Warsaw (pte018/28.03.2003/11:40) - Despite Poland's success in treating HIV/AIDS, the low level of public knowledge of the disease is encouraging complacency and increasing the risk of a fresh outbreak from Eastern Europe, according to a report from the country's local UN Development Programme (UNDP) http://www.undp.org.pl .

A survey commissioned by the report found that 40 per cent of those questioned believed HIV/AIDS can be contracted from insect bites, 29.6 per cent feared infection in public toilets and baths, and 26 per cent claimed they could catch the disease from cutlery used by HIV carriers.

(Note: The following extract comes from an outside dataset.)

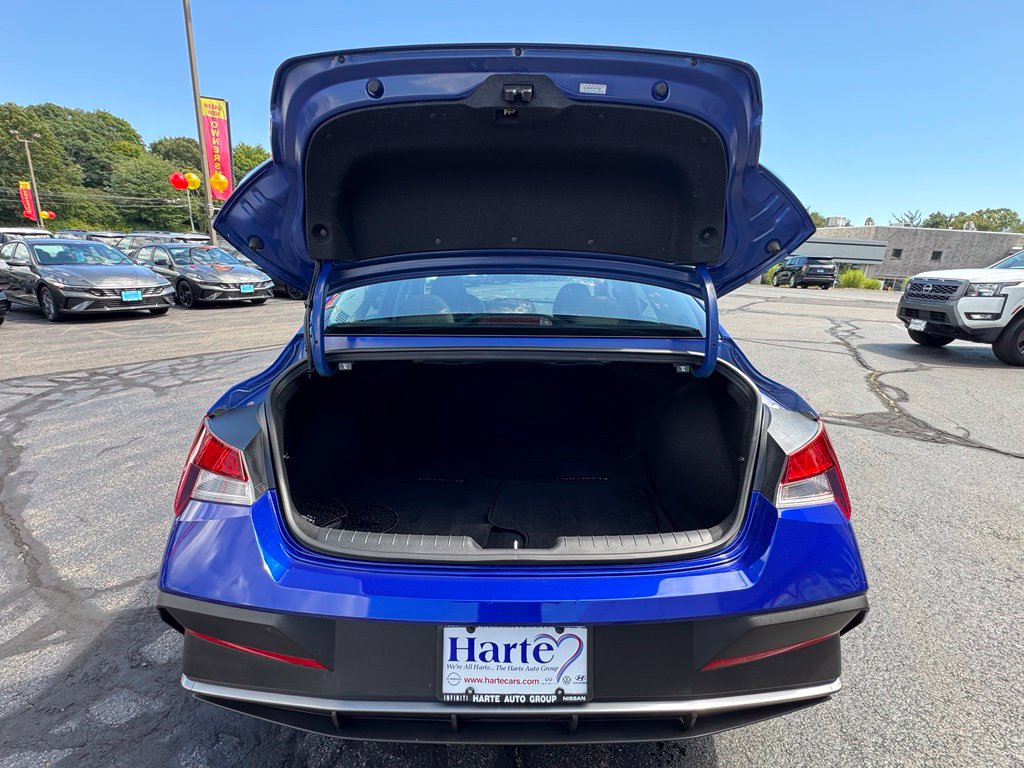2024 Hyundai Elantra SE - Photo 21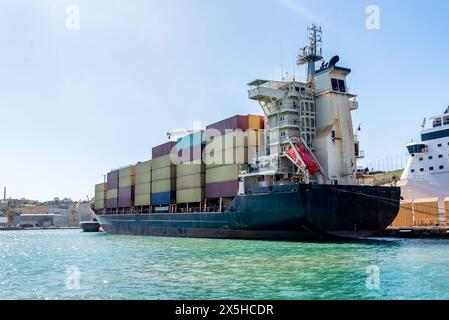 Nave portacontainer, nave da carico nave che trasporta container e che viaggia per importazione tecnologia di concetto di esportazione trasporto merci marittimo da Express SH Foto Stock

Anna Marzac-Buguslawska, director of Poland's National Aids Centre http://www.aids.gov.pl , told Reuters Health: "It has the limitation of being a small survey but there is clearly a big problem".

The ignorance influences attitudes towards those with HIV/AIDS. According to the report, more than a half of Polish employers would rather take on people with cancer or cardiac problems than HIV carriers.

"We have a very good record of treating sufferers, perhaps better than any country in Central and Eastern Europe, but only eight percent of the budget for the disease goes on education and other prevention methods," Marzac-Buguslawska said.

A co-author of the report, Henryk Banazac, told Reuters Health that public knowledge had deteriorated over recent years, and was "frighteningly low".

The report points out that Poland is on the edge of a region with very serious problems with the disease, that the course of the epidemic is unpredictable, and that Latvia for example was also a country of low prevalence until it was taken by surprise when it recently discovered a sudden increase in HIV-infections.

Last year the World Health Organization http://www.who.int revealed that Eastern Europe and Central Asia had the world's fastest growing HIV/AIDS epidemic with 1.2 million sufferers, a fifth of whom had caught the disease in 2002.

"Not only must we be vigilant to prevent infection, but we must also broaden public awareness of the dignity and human rights of HIV-infected persons, and it is our duty to ensure that there is no discrimination against them," said Colin Glennie, head of the UNDP in Poland.

Marzac-Buguslawska added that there were already signs of the problem on both sides of the country's eastern borders. "We have to be alert to the high rate of sexually transmitted diseases in these areas, because it's a good marker for HIV/AIDS," she said.